職場では、同僚・部下・上司との関係の中で、もしかすると学歴を知る機会があるかもしれません。話相手の最終学歴を知った上での会話、知らずとも予想した上でのコミュニケーションを念頭に置いてやり取りできれば、相手をより深く知るためのきっかけとなり、これまで以上に円滑な意思疎通が取れると思います。

タイで生活して10年。海外生活・現地の人々との会話やマネジメントで苦労しているという話は毎日のように聞こえてきます。

そして、このような状況を背景に、多くのメディアでがミュニケーション・マネジメントの難しさと重要性を取り上げています。
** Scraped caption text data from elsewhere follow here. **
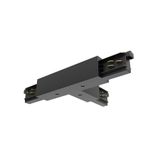 ONETRACK T-FEED IN-LEFT BLACK 9015/B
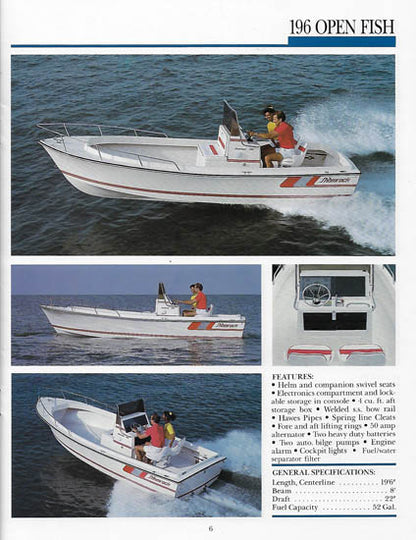 Shamrock 1991 Brochure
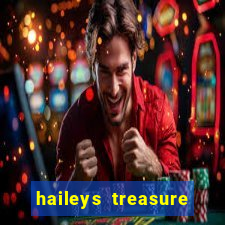 haileys treasure adventure code
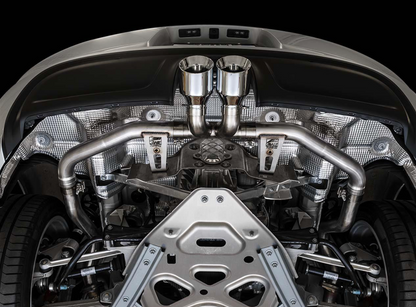 AWE Tuning Track Edition Exhaust Systems for 2017-2025 718 BOXSTER, 718 CAYMAN - 3010-32038
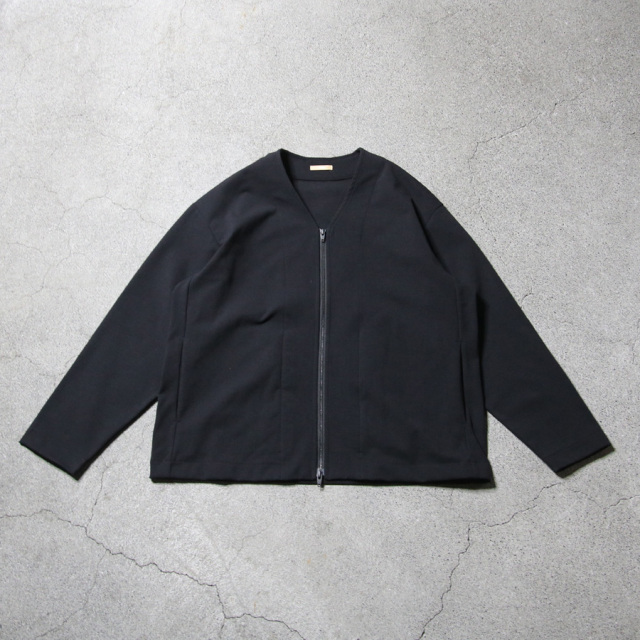 LAMOND,ラモンド,LAMOND 東京取り扱い店舗,LM-C-188-MI,PREMIUM MILANO RIB ZIP CARDIGAN(SET UP)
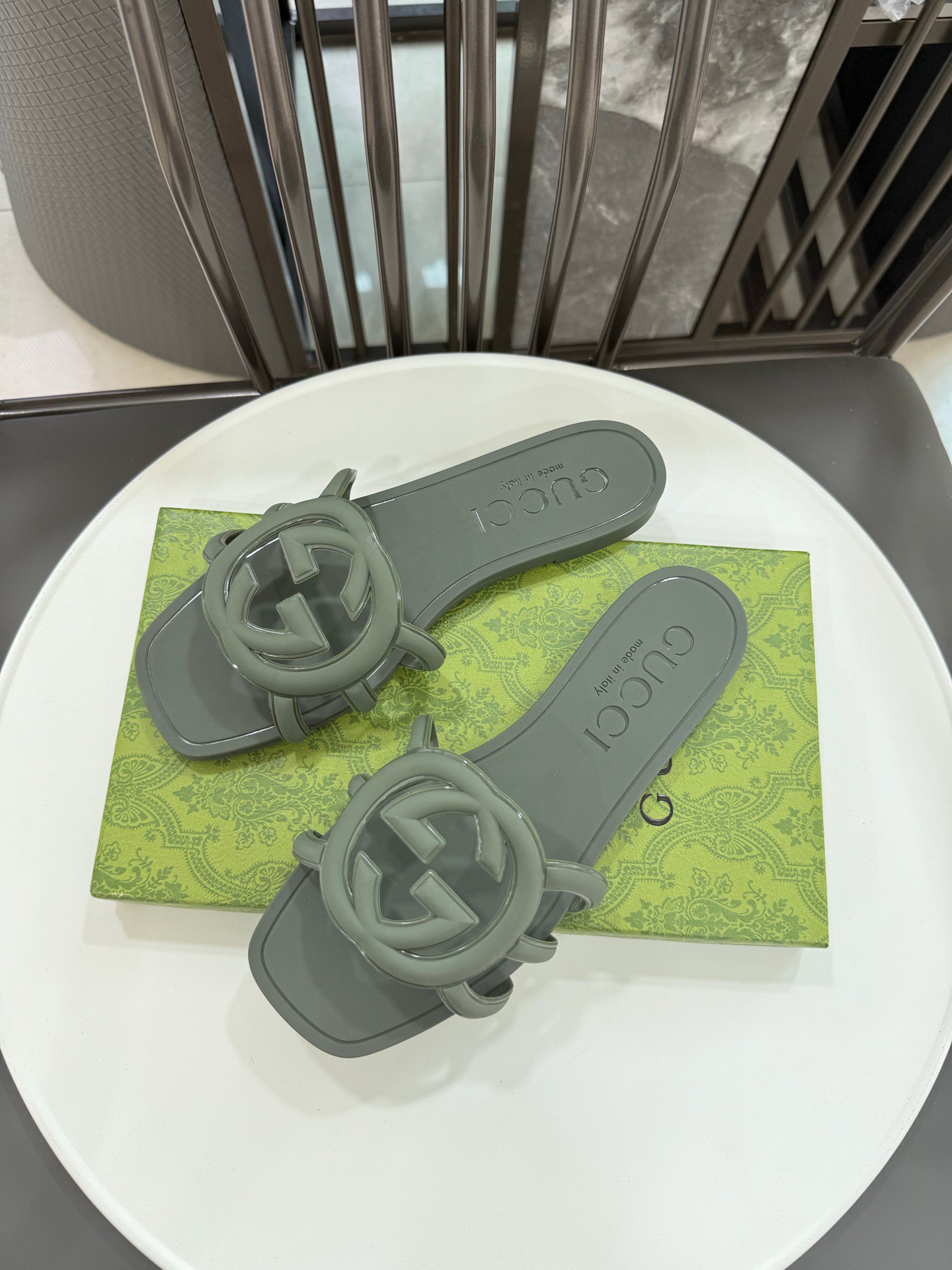 Gucci Couple Slippers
ただ、そこに教育制度や歴史、最終学歴の視点で述べている例は、ほとんどありません。

タイは、多くの日本人が長期間にわたり居住している国です。だからこそ、少し調べれば、日本語でもタイの教育制度についての情報をそれなりには見つけることができます。

今回の記事をきっかけに、一人でも多くの方が言語・文化の違いだけではなく、会話している相手の最終学歴やその国の教育制度の歴史について興味を持ち、今後の海外生活・海外旅行・現地の人々のマネジメントに活かしてもらえればうれしい限りです。